How do you know when a poem is finished?

I keep tinkering. But at some point you have to cut it loose. This is what I’m taking to the poetry workshop tonight (changes, while small, I think are signficant):
Vermeer’s Lady Writing a Letter
she’s taken a knife to her hair, again,
sliced away those willing strands
that each day hold her captive
in the clasp of perfect pearls
she studies herself in the mirror,
in the mellow light of morning —
a golden woman besieged by shadows
chained to a string of perfect pearls
at night she dreams of rubies
crystalline and star-filled
burning shadows bloody,
crushing seas of pearls
to evanescent dust
and so she closes her door
against the burdens of moment
turns to quill and paper —
a mirror freed by sunlight
and rich ruby dreams

5 thoughts on “How do you know when a poem is finished?

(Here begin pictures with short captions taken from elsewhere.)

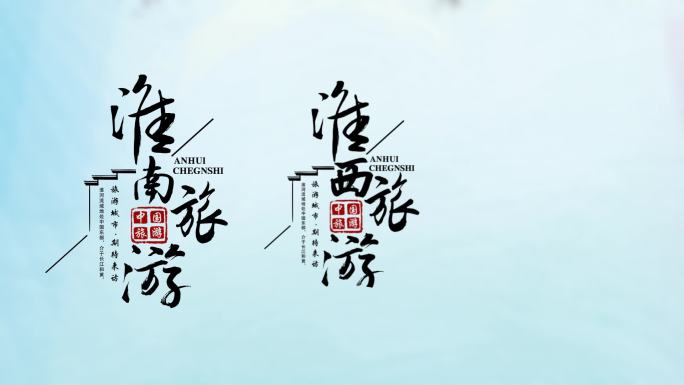 中国旅游景点城市设计字幕排版ae模板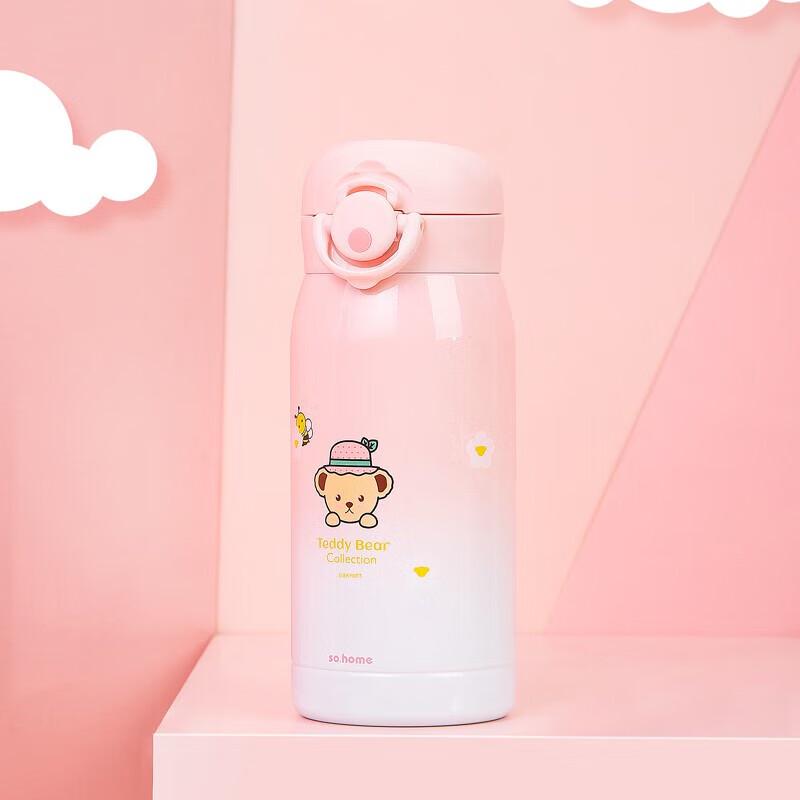 Sohome Teddy Bear 304 Stainless Steel Insulated Water Bottle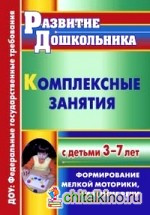 Комплексные занятия с детьми 3-7 лет: Формирование мелкой моторики, развитие речи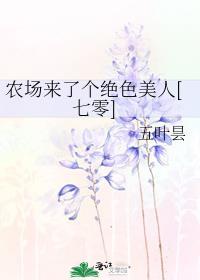 农场来的全是祖宗短剧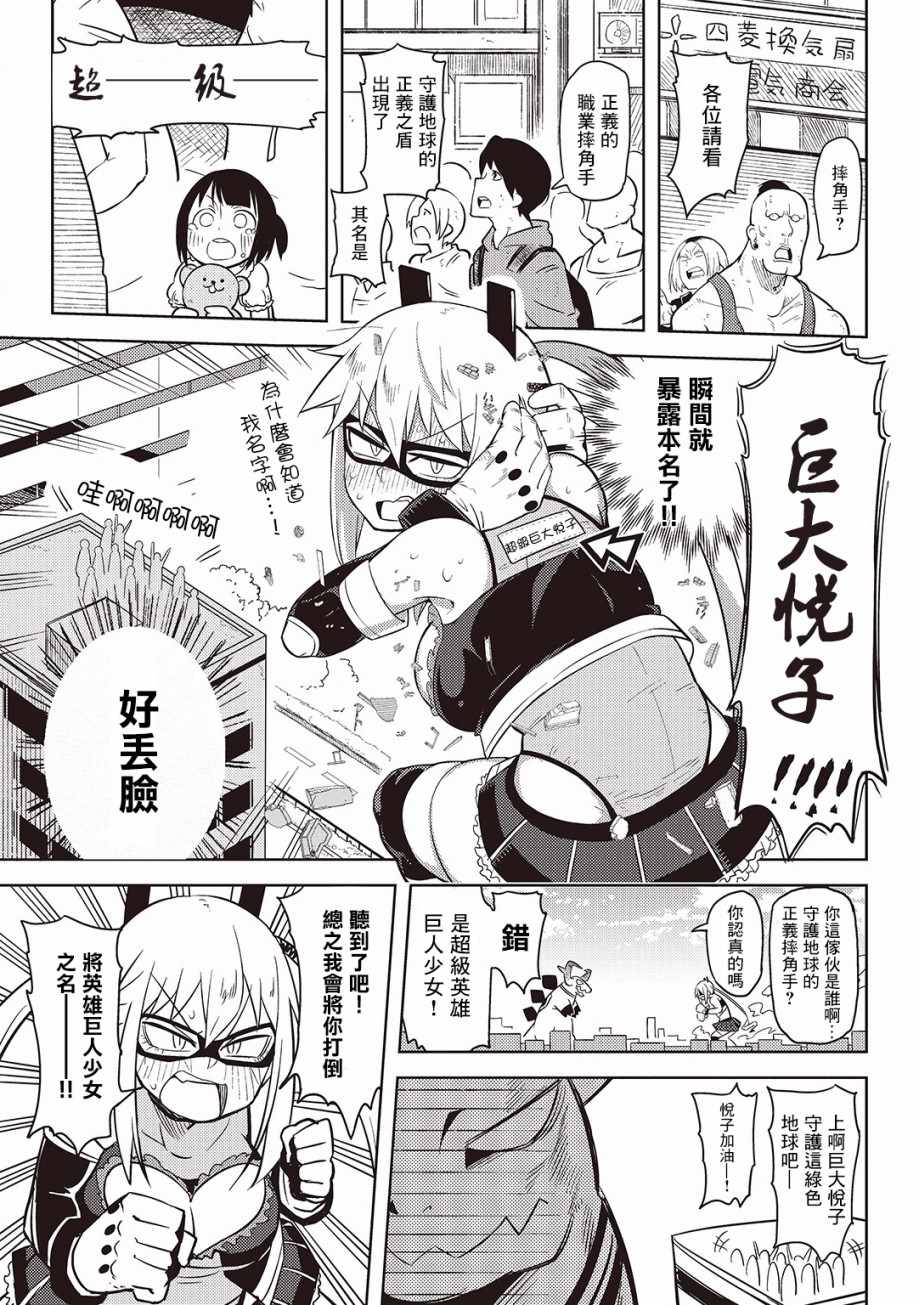 《樱井超Energy的短篇集》漫画 02 英雄的资格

  1. I like all the changes. I agree they’re mostly small: changing into to in seems better for the rhythm. But I think the willful to willing is a huge change though.

  2. Yes. Exactly. I also changed the third to last line. I didn’t like the other one at all and am still not sure why. It has something to do with the rhythm, but also something do to with the transition to the image in the last two lines. Oh well, we’ll see what the comments are tonight.

  3. Ditto, I like this (and penultimate, earlier) better because you got rid of the husband. Hey, nothing agin husbands, but he was hogging too much space — this is much more focussed. The image coheres much more vividly.